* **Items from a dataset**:
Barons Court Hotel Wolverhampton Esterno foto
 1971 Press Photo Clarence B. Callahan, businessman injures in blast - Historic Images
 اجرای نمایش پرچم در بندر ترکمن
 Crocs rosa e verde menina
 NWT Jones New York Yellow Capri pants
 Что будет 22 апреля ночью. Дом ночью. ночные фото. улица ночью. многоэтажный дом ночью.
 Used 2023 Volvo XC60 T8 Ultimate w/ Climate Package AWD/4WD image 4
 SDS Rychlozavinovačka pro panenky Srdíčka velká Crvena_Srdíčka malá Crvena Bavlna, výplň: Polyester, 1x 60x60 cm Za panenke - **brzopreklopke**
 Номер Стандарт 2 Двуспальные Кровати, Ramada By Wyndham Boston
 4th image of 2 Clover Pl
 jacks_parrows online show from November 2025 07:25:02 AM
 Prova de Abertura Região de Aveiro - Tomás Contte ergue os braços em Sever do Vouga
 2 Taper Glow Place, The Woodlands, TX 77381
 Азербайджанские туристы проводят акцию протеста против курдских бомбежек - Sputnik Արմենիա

* **What is expected**:
Set down each entry exactly, leaving none out.

* **Worked solution**:
Barons Court Hotel Wolverhampton Esterno foto
 1971 Press Photo Clarence B. Callahan, businessman injures in blast - Historic Images
 اجرای نمایش پرچم در بندر ترکمن
 Crocs rosa e verde menina
 NWT Jones New York Yellow Capri pants
 Что будет 22 апреля ночью. Дом ночью. ночные фото. улица ночью. многоэтажный дом ночью.
 Used 2023 Volvo XC60 T8 Ultimate w/ Climate Package AWD/4WD image 4
 SDS Rychlozavinovačka pro panenky Srdíčka velká Crvena_Srdíčka malá Crvena Bavlna, výplň: Polyester, 1x 60x60 cm Za panenke - **brzopreklopke**
 Номер Стандарт 2 Двуспальные Кровати, Ramada By Wyndham Boston
 4th image of 2 Clover Pl
 jacks_parrows online show from November 2025 07:25:02 AM
 Prova de Abertura Região de Aveiro - Tomás Contte ergue os braços em Sever do Vouga
 2 Taper Glow Place, The Woodlands, TX 77381
 Азербайджанские туристы проводят акцию протеста против курдских бомбежек - Sputnik Արմենիա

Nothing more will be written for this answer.